Puede que a Julio Carabaña los años y las desilusiones le hayan ido cargando de pesimismo y considere inevitable la ley de la fuerza como norma de las relaciones humanas. Lo entendería, porque todos sufrimos alguna evolución en ese sentido. Pero no se pueden aceptar sus argumentos, porque a partir de ellos se justifican demasiadas guerras; a decir verdad, todas las guerras. Puesto que derrocar tiranos es moral, y puesto que hay una potencia que está dispuesta a hacerlo y tiene fuerza suficiente para ello, después de Afganistán (que no discuto) e Irak vendrán Siria, Irán, Corea del Norte, Libia, Sudán o, ¿por qué no?, Venezuela. En cada uno de estos sitios, tras destronar al dictador, se instalará un régimen marioneta, inestable, protegido por tropas occidentales, asediado por guerrillas... ¿Durante cuánto tiempo está Occidente dispuesto a apoyar, con tropas y dinero, a estos regímenes? Crecerá además el resentimiento contra nosotros, con atentados suicidas en nuestros centros comerciales o lugares turísticos. La vigilancia de fronteras se convertirá en insoportablemente rigurosa. Se recortarán las libertades públicas. Avanzaremos hacia la sociedad policiaca (Guantánamo). ¿Estamos dispuestos a soportar este coste? ¿Vale la pena?

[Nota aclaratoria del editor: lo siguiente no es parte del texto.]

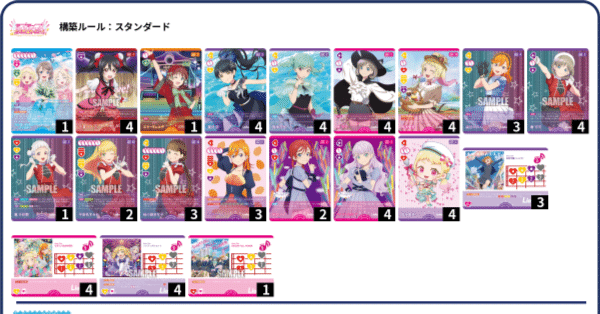 ラブカ】NEXT三神入りドローLiella!｜ゴンズ様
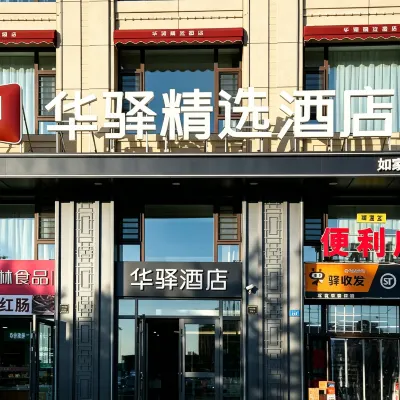 Huayi Collection Hotel (Harbin West Railway Station Hasi Wanda Branch) โรงแรมใกล้สถานีรถไฟฮาร์บินเวสต์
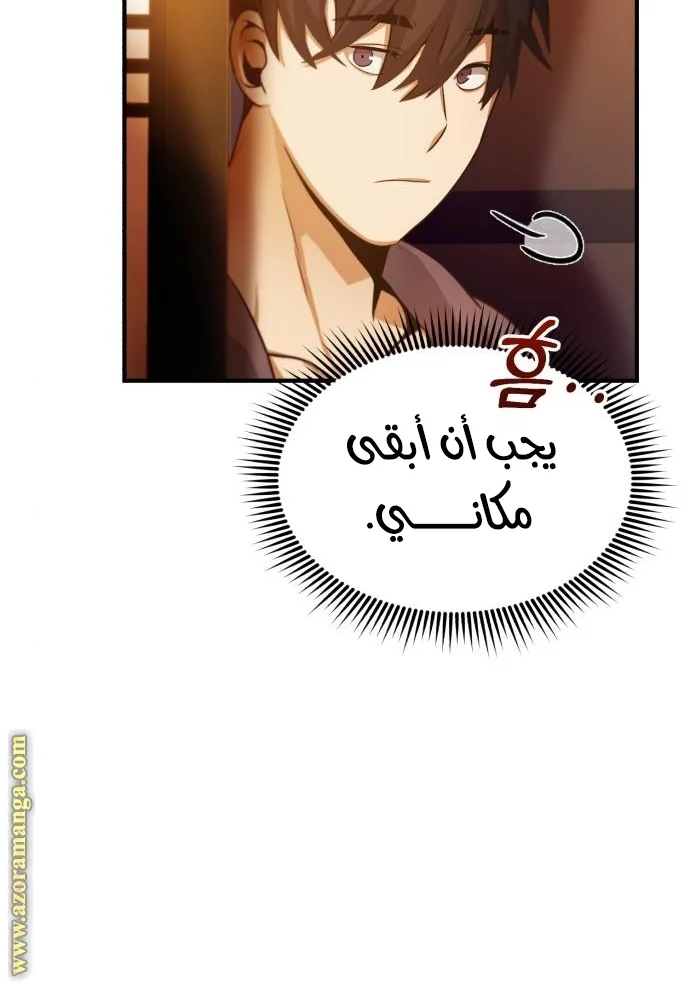 Read The Perfect Hybrid AR Manga Online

Una última consideración que ofrecería a Carabaña, y que me hace pensar que no he llegado a una aceptación de la Realpolitik tan descarnada como la suya, es que vale la pena seguir manteniendo, en algún rincón de nuestro corazón, una llamita encendida en el altar de la utopía ilustrada; deberíamos seguir luchando por que las relaciones humanas se rijan por algo más de racionalidad, aunque sea poco a poco y con retrocesos y rodeos. En España, nuestra generación vivió una oportunidad histórica a la muerte del dictador y podemos presumir de haberla aprovechado razonablemente bien; el país que estamos legando a nuestros hijos es bastante mejor que el que recibimos de nuestros padres. En el terreno internacional hemos tenido otra oportunidad a partir de 1989-1991, cuando se abrió la posibilidad de crear, no otro sistema imperial más, sino un orden internacional verdaderamente nuevo, nunca experimentado antes, regido por algo semejante a una asamblea de potencias, que establecería un conjunto de normas para los conflictos internacionales. La realidad nos está mostrando la enorme dificultad de llevar a cabo ese proyecto, al menos a corto plazo. Pero hay gente que sigue ilusionada con este ideal y sigue creyendo necesario poner límites legales -ya que el recurso a la ley es la expresión de nuestra moralidad- a la acción de los más fuertes. A juzgar por las encuestas y las recientes manifestaciones masivas en distintas ciudades, no son pocos los que piensan así. Será ingenuo. Pero la alternativa es la ley de la selva.

José Álvarez Junco es catedrático de Historia en la Facultad de Ciencias Políticas de la Universidad Complutense (Madrid).